Filter the records for lines holding the string "Leather".

Provided information START

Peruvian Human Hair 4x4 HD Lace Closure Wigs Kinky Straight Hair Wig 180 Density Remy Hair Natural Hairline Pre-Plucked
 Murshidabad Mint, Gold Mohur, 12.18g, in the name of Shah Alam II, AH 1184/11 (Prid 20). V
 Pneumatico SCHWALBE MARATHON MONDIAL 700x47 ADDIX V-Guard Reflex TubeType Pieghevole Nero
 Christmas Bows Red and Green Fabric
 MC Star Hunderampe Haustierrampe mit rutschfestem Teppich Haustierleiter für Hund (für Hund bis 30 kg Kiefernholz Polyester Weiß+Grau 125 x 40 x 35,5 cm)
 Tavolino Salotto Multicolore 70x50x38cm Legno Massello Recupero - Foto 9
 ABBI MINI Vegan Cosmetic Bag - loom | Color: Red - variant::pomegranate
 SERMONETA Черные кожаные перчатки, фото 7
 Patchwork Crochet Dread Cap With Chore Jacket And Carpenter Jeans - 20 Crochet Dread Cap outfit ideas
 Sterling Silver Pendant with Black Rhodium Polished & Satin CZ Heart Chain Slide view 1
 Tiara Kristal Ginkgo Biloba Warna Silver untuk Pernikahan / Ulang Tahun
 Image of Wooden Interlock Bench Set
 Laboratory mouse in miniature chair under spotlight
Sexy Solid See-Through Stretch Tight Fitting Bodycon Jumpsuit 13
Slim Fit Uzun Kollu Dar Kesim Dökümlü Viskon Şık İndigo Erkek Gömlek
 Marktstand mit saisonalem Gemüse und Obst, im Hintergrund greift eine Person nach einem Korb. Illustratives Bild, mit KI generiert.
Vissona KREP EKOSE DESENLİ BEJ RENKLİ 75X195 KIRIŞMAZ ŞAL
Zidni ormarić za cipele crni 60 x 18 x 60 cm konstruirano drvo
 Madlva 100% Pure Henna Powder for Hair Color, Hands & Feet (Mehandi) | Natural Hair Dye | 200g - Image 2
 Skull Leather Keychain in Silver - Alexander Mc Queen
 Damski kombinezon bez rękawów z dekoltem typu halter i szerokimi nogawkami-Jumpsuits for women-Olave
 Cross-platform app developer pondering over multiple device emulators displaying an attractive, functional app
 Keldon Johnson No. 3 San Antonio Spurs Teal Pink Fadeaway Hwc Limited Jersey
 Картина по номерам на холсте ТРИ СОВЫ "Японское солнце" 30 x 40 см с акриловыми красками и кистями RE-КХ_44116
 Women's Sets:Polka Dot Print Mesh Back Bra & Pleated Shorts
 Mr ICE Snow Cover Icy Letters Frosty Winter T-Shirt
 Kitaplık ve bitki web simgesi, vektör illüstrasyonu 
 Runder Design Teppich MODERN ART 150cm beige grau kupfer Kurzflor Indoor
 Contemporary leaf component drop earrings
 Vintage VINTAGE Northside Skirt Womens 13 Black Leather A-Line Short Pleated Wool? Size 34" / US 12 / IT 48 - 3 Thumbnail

Provided information END

§ **Response to this exercise**
 Skull Leather Keychain in Silver - Alexander Mc Queen
 Vintage VINTAGE Northside Skirt Womens 13 Black Leather A-Line Short Pleated Wool? Size 34" / US 12 / IT 48 - 3 Thumbnail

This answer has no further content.